On Thursday December 12th, CPPG invited Dr. Sohail Jehangir Malik for a talk on “The Current State of the Economy and the Need for Pro-Poor Growth”.
The seminar sought to address a number of concerns such as why merely macro-economic stabilization is not enough to address the rapidly deteriorating economic situation today, why the “same old, same old” policies to address the underlying causes do not work, the importance of good data, effective policy research, monitoring and evaluation, capacity building and implementation. The seminar also proposed an out of the box reform agenda that focuses on capitalizing on existing resources including incentivizing educated unemployed rural youth to be Social Entrepreneurs and agents of change.
He argued that the economy is severely constrained in its ability to manage socio-economic risks due to several pre-existing issues such as inequitable distribution of resources and power in terms of disparities that exist across people, genders, and regions. Some of these challenges include a rapidly growing population whereby the majority has little or no education, skills or access to productive resources; Widespread poverty and malnutrition across gender and regional dimensions; Debt management crisis, rampant energy crisis, looming water crisis, natural and man-made disasters such as War on Terror and earthquakes/floods.

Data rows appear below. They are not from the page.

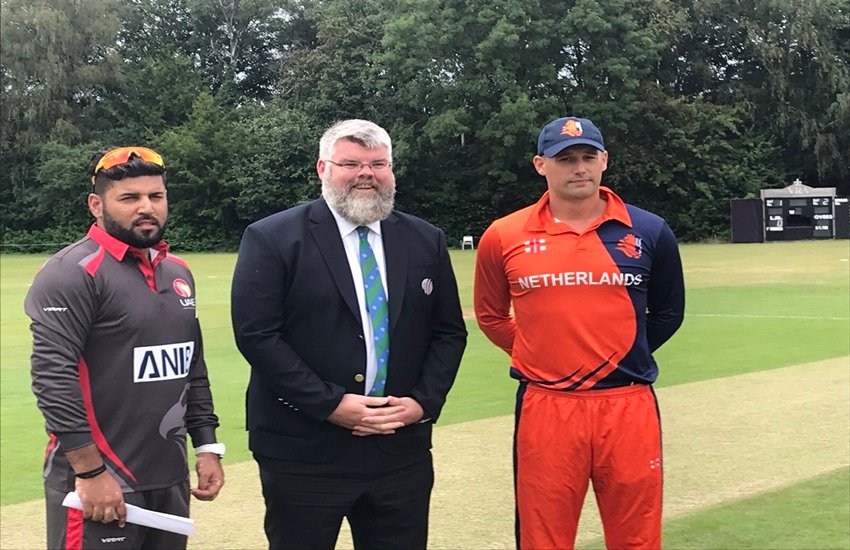 Netherlands vs United Arab Emirates Playing 11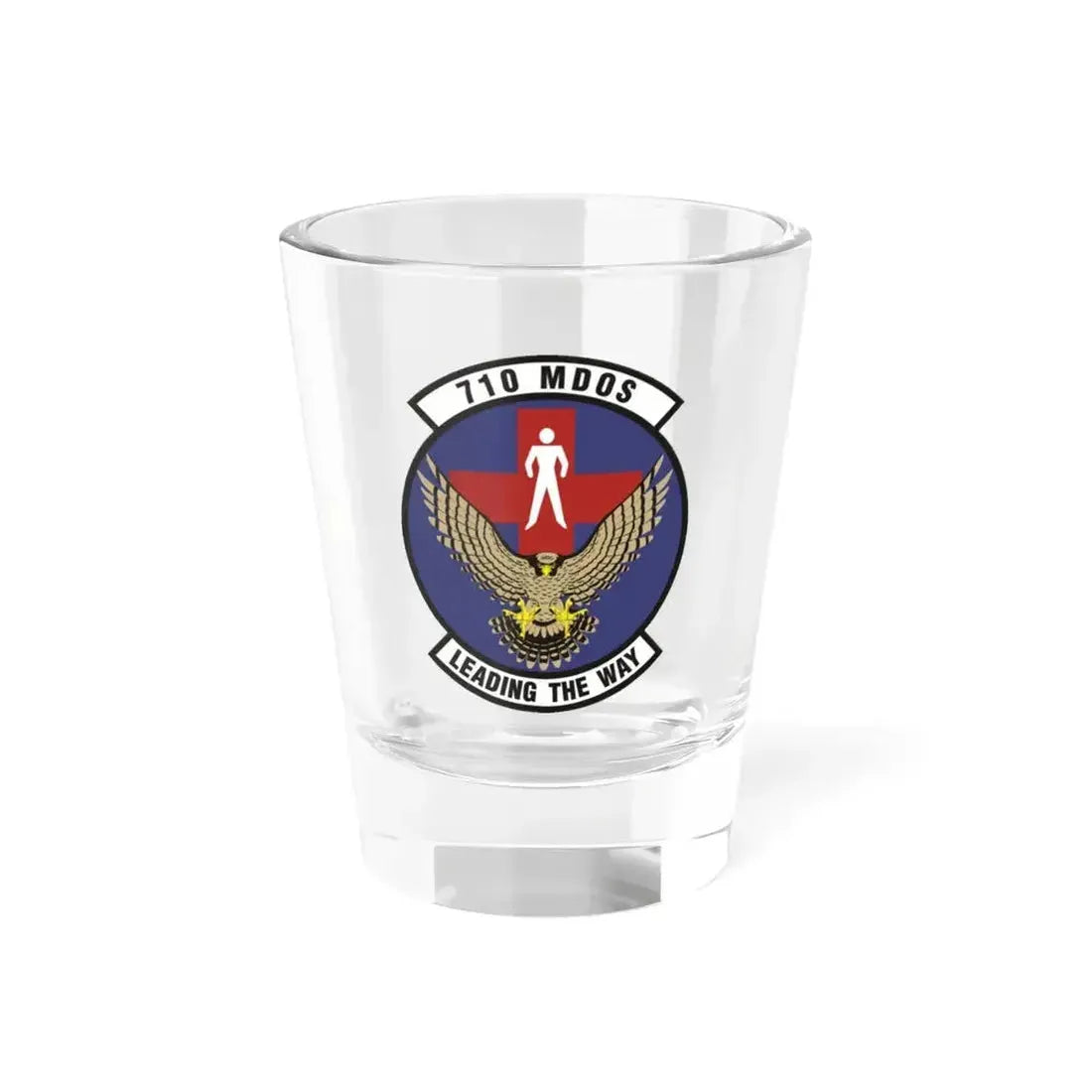 710th Medical Operations Squadron (U.S. Air Force) Shot Glass 1.5oz 1.5oz - Go Mug Yourself
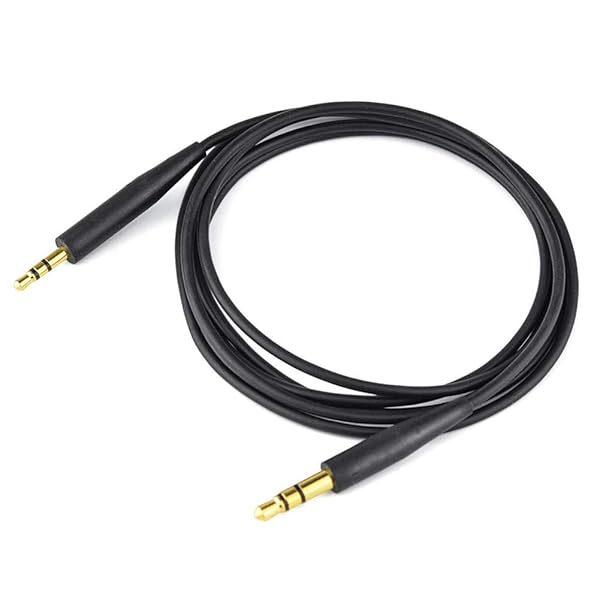 Tobysome QC35 Cable 3.5 to 2.5 Extension Cord Replacement for Bose QuietComfort 45 35 II Wireless Headphones SoundLink II On-Ear 2 OE2 OE2i - View 7 of 9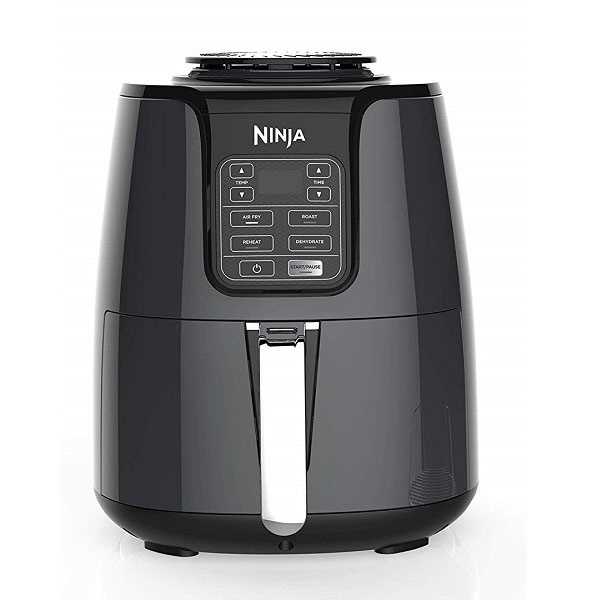 סיר טיגון ללא שמן 4 ב-1 דגם NINJA  AF100 נינג'ה - תמונה 1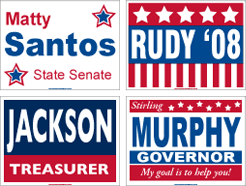 Political Signs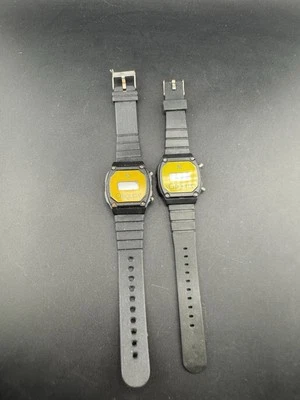 VTG Chiquita New York Yankees Digital Watch Lot (2) Promo Banana Sponsor Rare - Image 1 of 4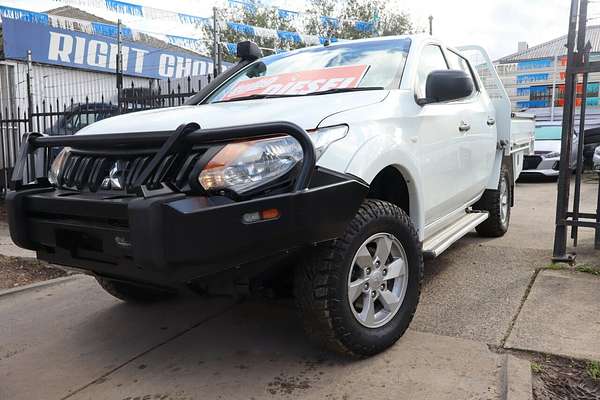 2018 Mitsubishi Triton GLX MQ 4X4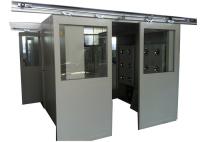 Movable Hospital Dust Air Shower Tunnel Two Side Blowing , High Speed 25m/s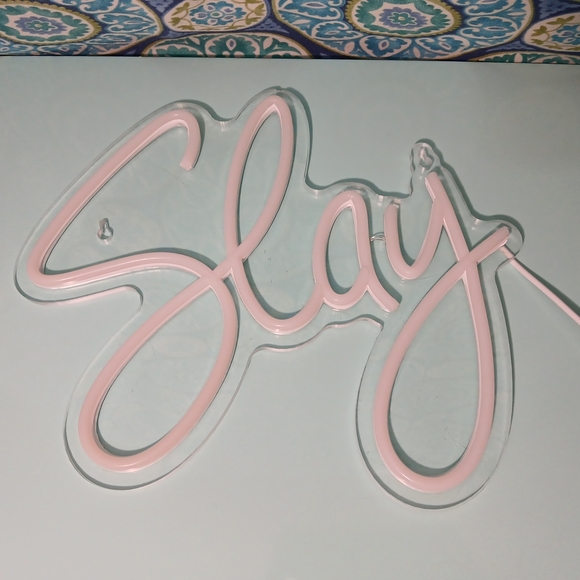 Neon 'Slay' Sign - Picture 8 of 13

This situation is exacerbated by poor governance and economic mismanagement in terms of rampant corruption and decayed institutional structures, rapid deterioration in ethical norms whereby there exists an elite capture of social justice, poor analysis, poor data, and diminished domestic capacity to design and implement reform, increasing reliance on donors, growing disconnects between the central and provincial governments, false bravado which focuses on slogan mongering, arrogance and denial taking precedence over reason and decency, almost non-existent results focused monitoring and evaluation, and inadequate / absent focus or capacity for change management. Decades of poor policies and implementations, absence of effective M&E, lack of accountability, distorted prices, exorbitant borrowing, lack of competitiveness, low productivity, elite capture, continued lack of opportunity, security and empowerment all result in suboptimal growth of the economy. Meanwhile our attitude consists of waiting for divine help, or seeking help from Saudis, Qataris, CPEC or the IMF.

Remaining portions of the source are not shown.